Peux-tu nous présenter Kisasi, un roman fantastique mais pas seulement... une histoire qui résonne.
Kisasi se déroule en République Démocratique du Congo, plus précisément au Nord-Kivu, où nombre de cas de violences envers les femmes sont encore recensés. Ce roman met en scène deux personnages que tout oppose : Aïssata, Congolaise, ancienne victime qui a choisi la voie de la vengeance, et Charles, un médecin français en mission humanitaire. Tous deux maîtrisent un don qu'ils exploitent pour accomplir ce qu'ils pensent juste, mais qui va aussi les amener à s'affronter.
Comme je l'explique dans les notes d'accompagnement du texte, c'est le visionnage du reportage « Le viol, une arme de guerre au Congo » de Susanne Babila qui a tout déclenché : l'idée de Kisasi et l'envie d'en savoir plus. On trouve facilement de bonnes sources sur ce sujet ; ce qui est décrit dans les rapports m'a fait froid dans le dos et dès lors j'ai ressenti le besoin d'écrire cette histoire.

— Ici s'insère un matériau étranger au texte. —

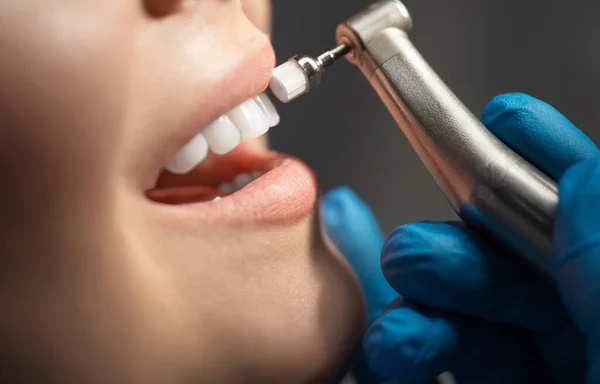 Proces používání zubního kartáče jako fáze profesionálního čištění zubů postup v klinice zblízka, Krásná žena zdravý úsměv zblízka, koncept zdravotní péče — Stock fotografie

Kisasi est passé par le cycle en 2012 et comme tu l'as récemment confié : « je me souviens bien de la synthèse, elle piquait un peu ! Mais quel bénéfice pour le texte ! ». Justement, qu'est-ce que ce travail avec les alphas et bêtas lecteurs t'a apporté ?
Kisasi était bien plus court à l'origine, seulement 23 pages et mes alphas m'ont concocté une synthèse critique de… 26 pages ! À la première lecture, on se dit que le texte est bon à jeter. À la seconde, que les remarques sont extrêmement judicieuses. Et après la troisième lecture, on se met au boulot.
Tout en gardant la trame originale, j'ai réécrit presque entièrement le texte, modifié le personnage de Charles et travaillé à distiller les informations sur le contexte géopolitique de façon plus fluide. Le travail de mes bêtas a permis de peaufiner le texte et de clarifier certains passages. Il faut aussi mentionner l'intervention indispensable de mes deux « spécialistes », qui m'ont aidée à donner de la couleur à mon Afrique et du corps à mon dispensaire et son personnel.
Ce travail a été très enrichissant non seulement parce que le roman final a vraiment gagné en qualité, mais aussi parce qu'il m'a permis de mieux appréhender mes défauts d'auteur, ce qui me sert pour les textes que j'écris maintenant.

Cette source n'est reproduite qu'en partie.